## THE PROBLEM
Repeat nothing but the lines below running from the one containing "new information round" to the one containing "Rückseite: 9781943872879 |". Keep both end lines.

BEGIN EXERCISE DATA

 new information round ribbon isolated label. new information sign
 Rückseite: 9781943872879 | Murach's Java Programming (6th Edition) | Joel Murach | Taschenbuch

END EXERCISE DATA
BEGIN EXERCISE DATA

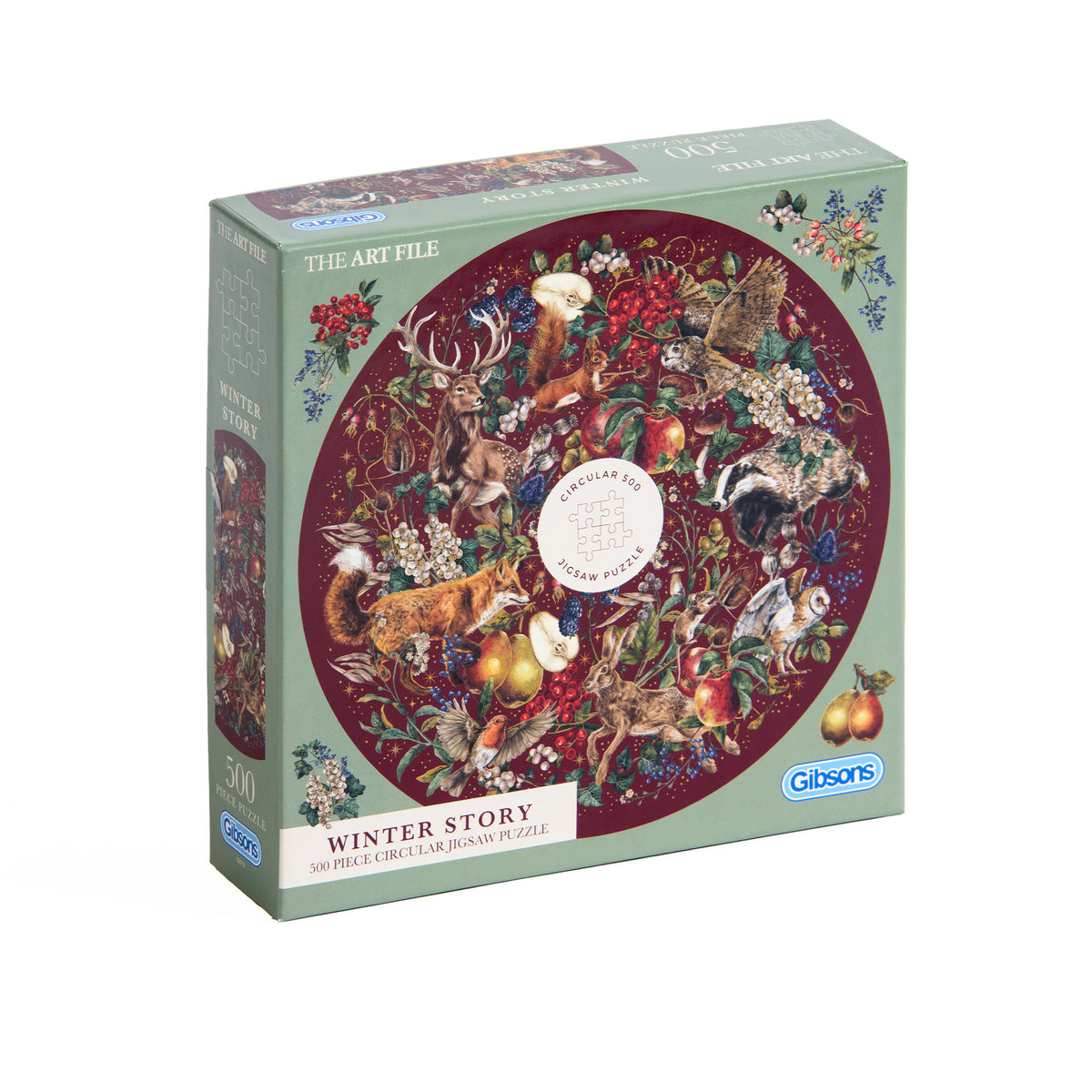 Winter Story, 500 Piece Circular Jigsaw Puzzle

END EXERCISE DATA
BEGIN EXERCISE DATA

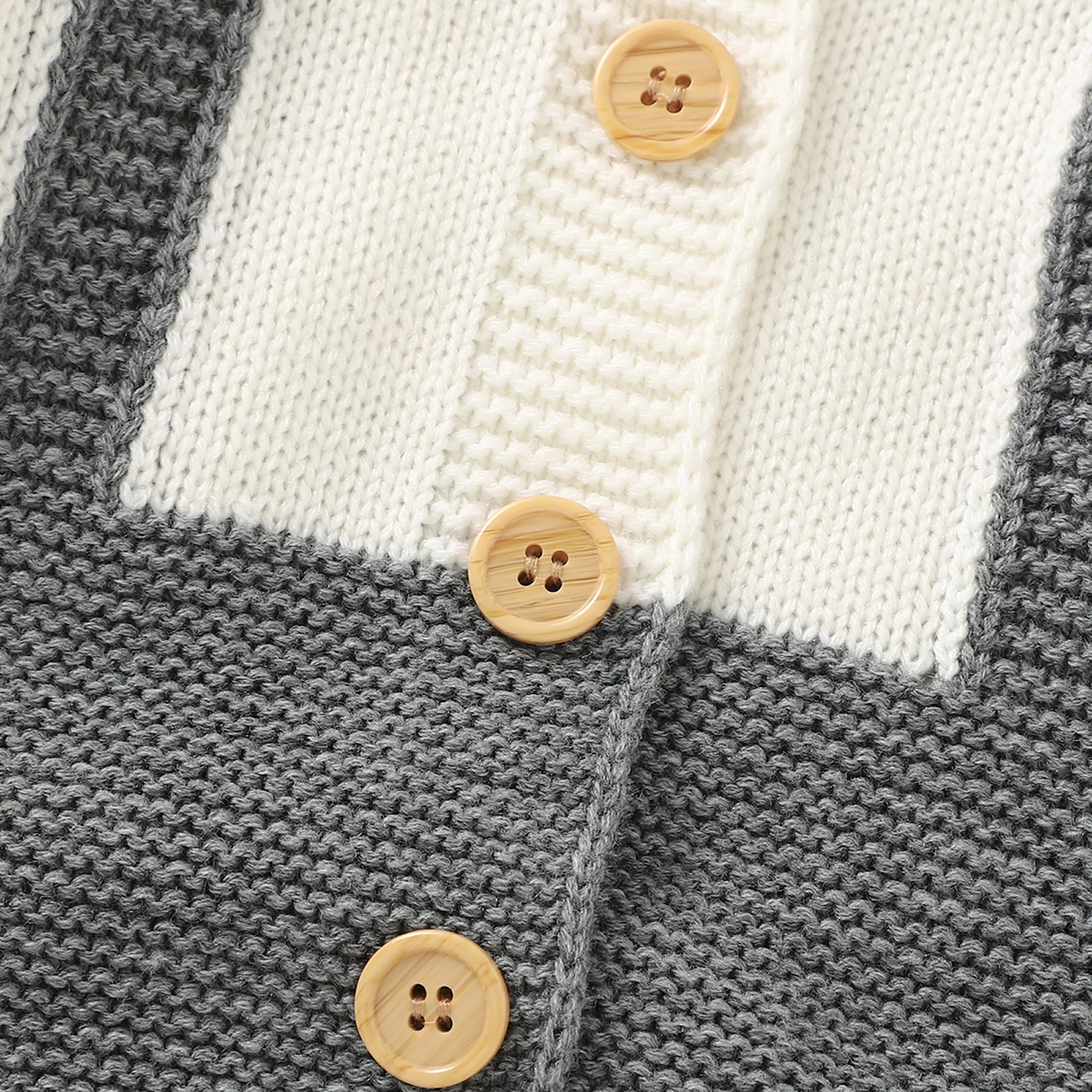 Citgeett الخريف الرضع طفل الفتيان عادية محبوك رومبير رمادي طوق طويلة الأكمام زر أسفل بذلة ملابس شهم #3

END EXERCISE DATA

## REPLY TO THE EXERCISE
 new information round ribbon isolated label. new information sign
 Rückseite: 9781943872879 | Murach's Java Programming (6th Edition) | Joel Murach | Taschenbuch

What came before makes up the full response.